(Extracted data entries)

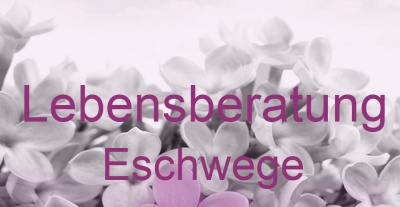 Lebensberatung Eschwege | Top-Experten für Kartenlegen, Wahrsagen, Hellsehen, Zukunftsdeutung. Lebensberatung Eschwege | Top-Experten für Kartenlegen, Wahrsagen, Hellsehen, Zukunftsdeutung.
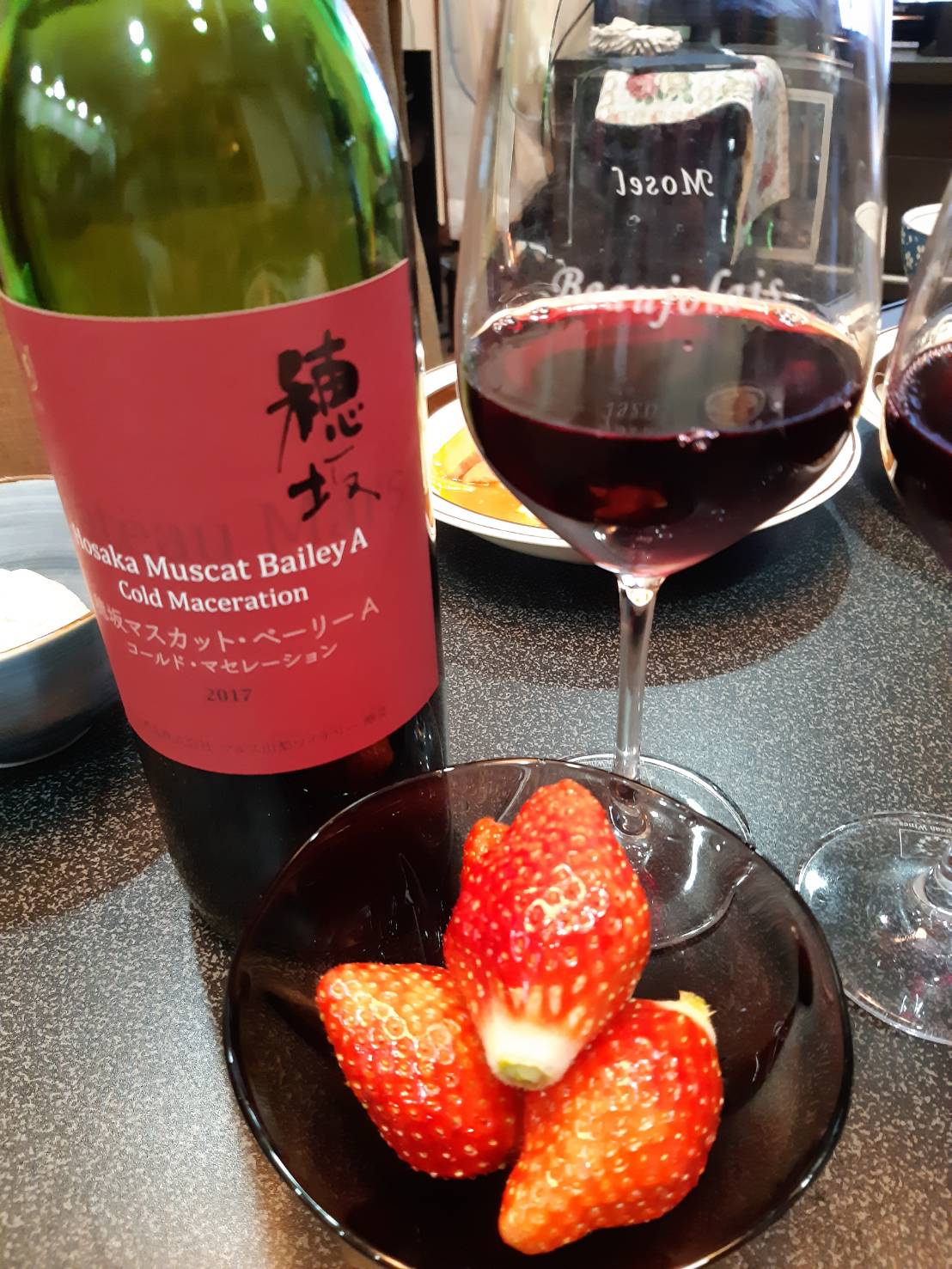 画像を等倍で表示します 画像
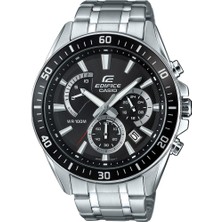 Casio Casıo EFR-552D-1AVUDF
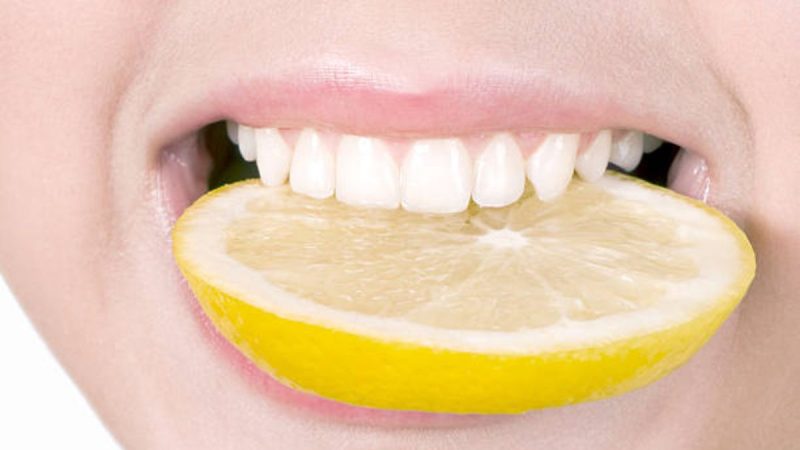 fruta Merca2.es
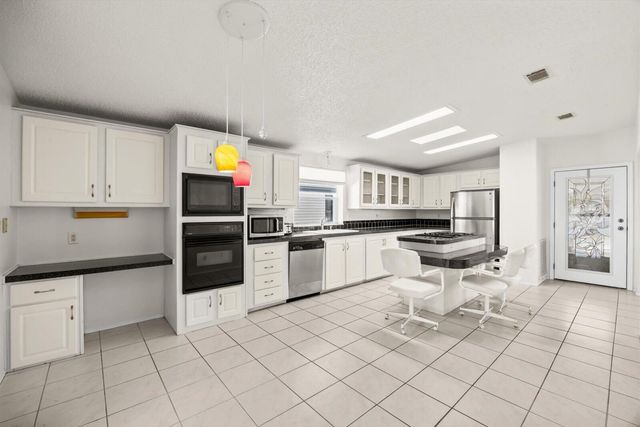 8029 Meadowlark Lane, Port St. Lucie, Port St Lucie, FL 34952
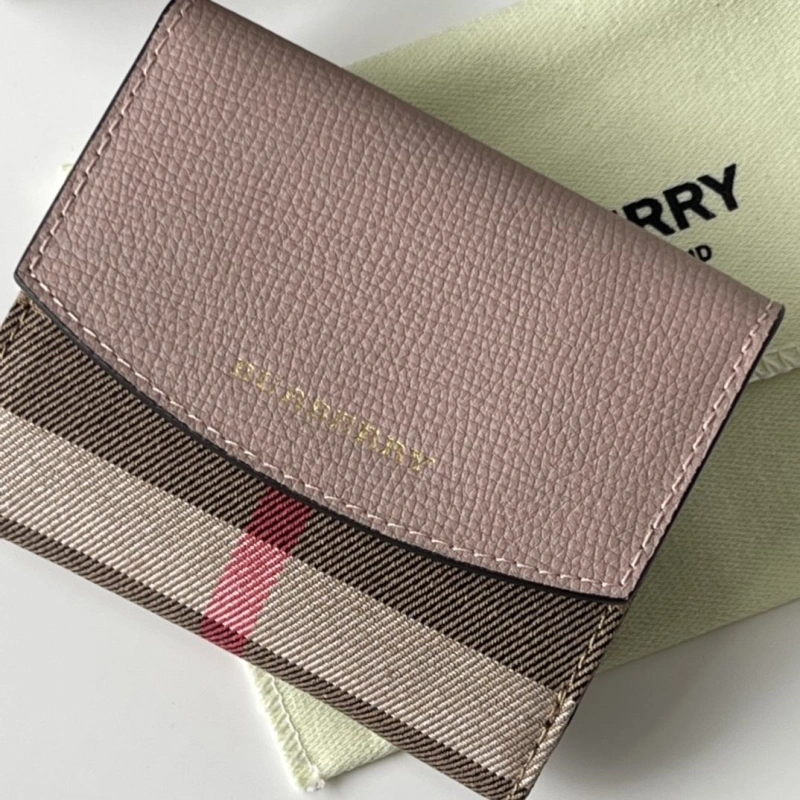 Bv*b*rry wallets 4237f-0541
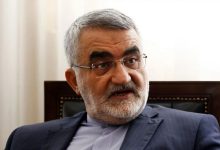 حمله به دیمونا صفحه جدیدی در تغییر موازنه قدرت ایجاد کرد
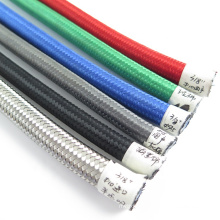 High Quality PTFE Corrugated Stainless Hose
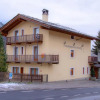 Отель Residence Le Chalet, фото 1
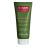 Hydratačná maska na farbené vlasy Helen Seward Synebi Hydrating Mask Hydratačná maska na farbené vlasy Helen Seward Synebi Hydrating Mask
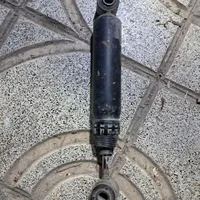 کمک عقب پژو اصل فرانسه به همراه توپی چرخ ورادیاتور|قطعات یدکی و لوازم جانبی|پاکدشت, |دیوار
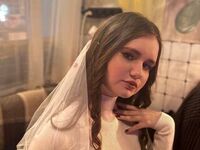 cam slut photo NylaMondor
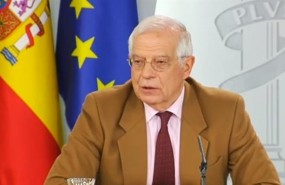 ep ruedaprensaministroexteriores josep borrell trasconsejomi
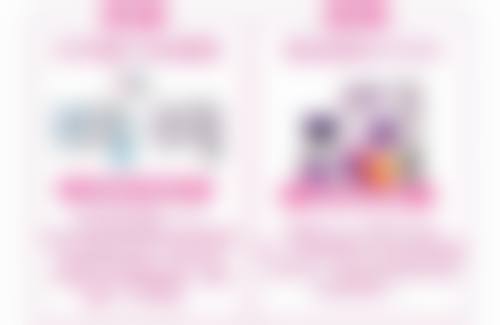 重庆卿美整形美容诊所求美者反馈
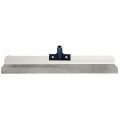 Bon 82-805-B9 Overlay Spreader/Smoother with handle bracket-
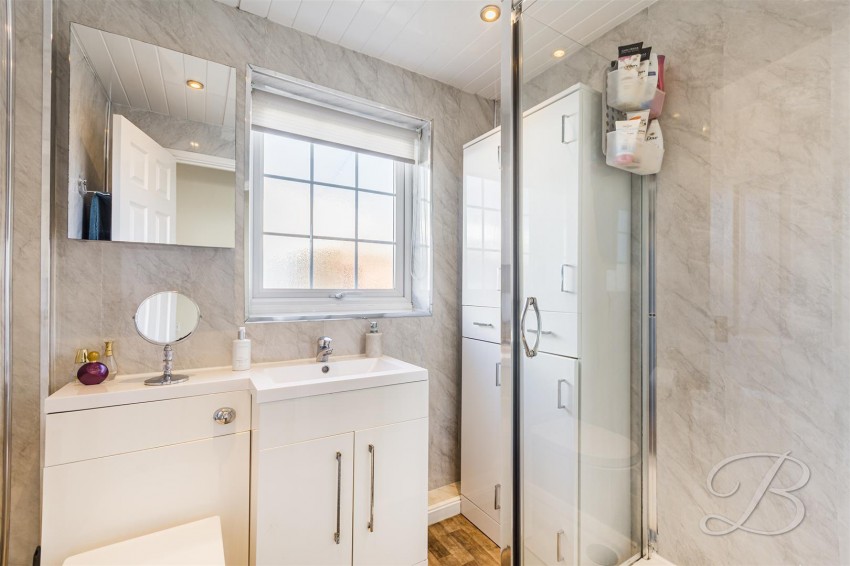 Images for Willow Avenue, Forest Town, Mansfield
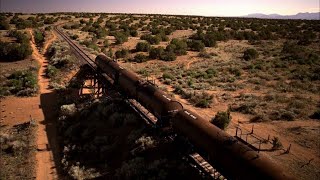 Breaking Bad - Season 5 Ost - 5.05 - 02 Dead Freight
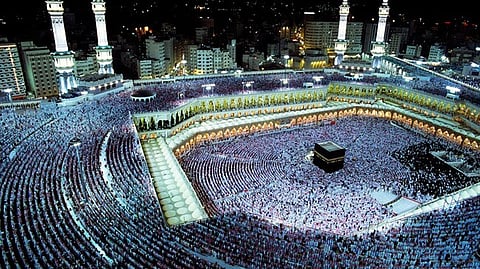 42 Pakistani Haj Pilgrims Dies in the Ongoing Haj Pilgrimage in Saudi Arabia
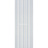 Обои Designers Guild Brera P586/03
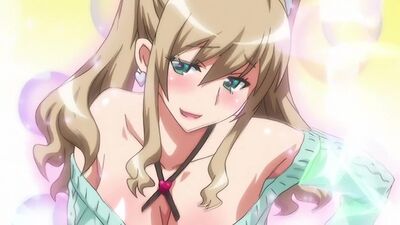 Imouto Bitch ni Shiboraretai 3 hentai no porno, хентаю не порно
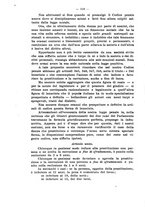 giornale/RML0027001/1910/unico/00000562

◆ **WHAT THE EXERCISE ASKS**
Only the lines from the line with "ep ruedaprensaministroexteriores josep" to the end of the records should be repeated, exactly and without pictures.

◆ **TASK RESPONSE**
 ep ruedaprensaministroexteriores josep borrell trasconsejomi
 重庆卿美整形美容诊所求美者反馈
 Bon 82-805-B9 Overlay Spreader/Smoother with handle bracket-
 Images for Willow Avenue, Forest Town, Mansfield
 Breaking Bad - Season 5 Ost - 5.05 - 02 Dead Freight
 42 Pakistani Haj Pilgrims Dies in the Ongoing Haj Pilgrimage in Saudi Arabia
 Обои Designers Guild Brera P586/03
 Imouto Bitch ni Shiboraretai 3 hentai no porno, хентаю не порно
 giornale/RML0027001/1910/unico/00000562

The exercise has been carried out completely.